Я собираюсь в Питер. Буквально на встречу с ветераном. И надеюсь, что мне не придется ставить здесь кавычки.
Звоню его сыну Олегу. Он готов организовать встречу в любой момент. Значит, свободно распоряжается отцом и его временем. Объясняет это тем, что отец плохо слышит, по телефону не может разговаривать – вот и приходится выполнять функции его пресс-секретаря.
Антон Антонович оказывается крепким приземистым дедом в пиджаке с орденом. Позже выяснится, что это не орден, а значок, так что блогеры, разглядев его портрет в газете в том же пиджаке, быстро решат, что и ветеран-то он ненастоящий. На самом деле свои ордена Антон Караванец отдал внуку.
Он садится за кухонный стол и привычно пододвигает мне стопку документов и несколько фотографий. За прошедшие четыре дня он дал порядка полутора десятков комментариев и интервью.

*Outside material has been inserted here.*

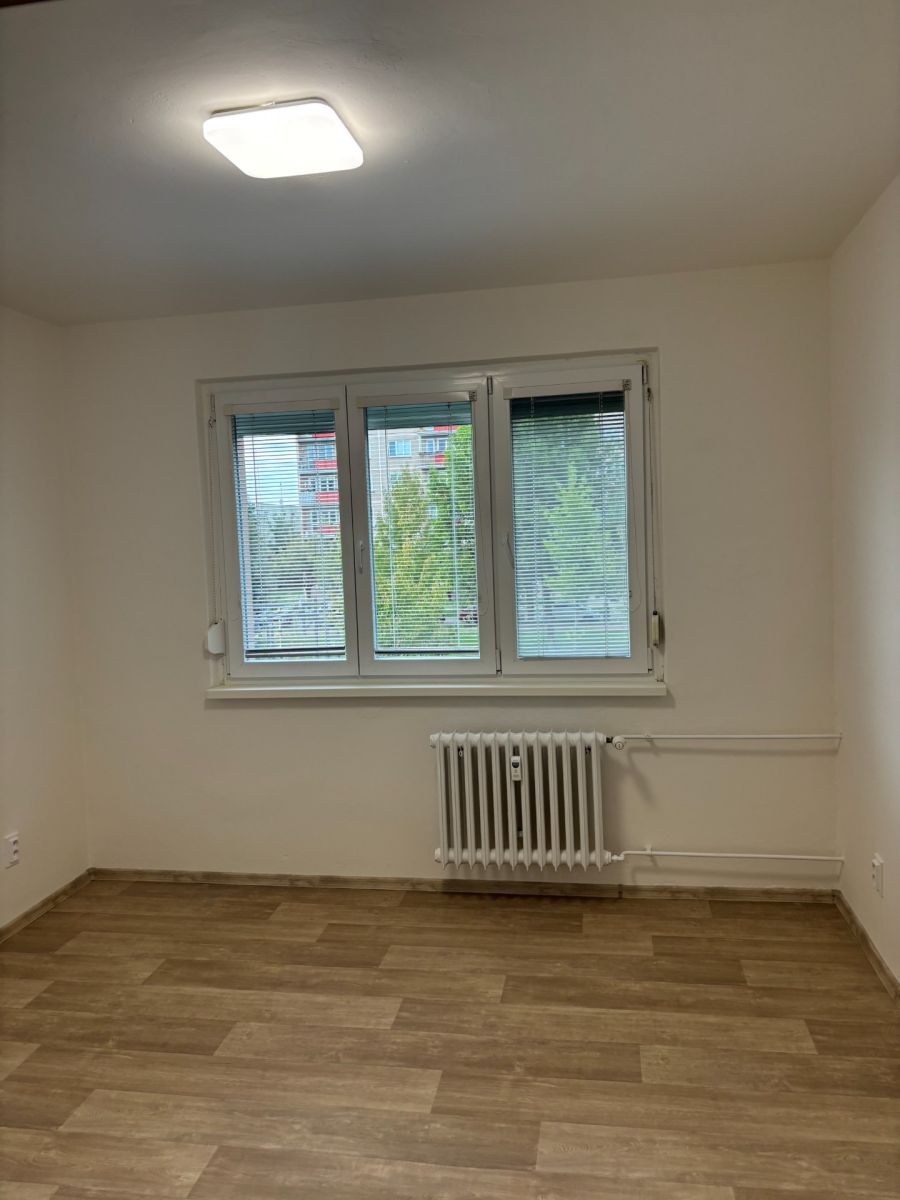 Pronájem bytu 2+1 54 m², Zlín – náhled fotky 8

На одной фотографии – два памятника и солдаты у одного из них. Первый памятник японцы поставили в 1905 году в честь победы над русскими. Второй – Советская Армия в 1945-м, в честь победы над японцами. Караванец-старший не может показать себя на фотографии: лица на ней практически невозможно разглядеть. Выделяется только китаец в первом ряду: «Мы, когда уезжали, позвали его фотографироваться с нами. Говорим: Миша, иди сюда».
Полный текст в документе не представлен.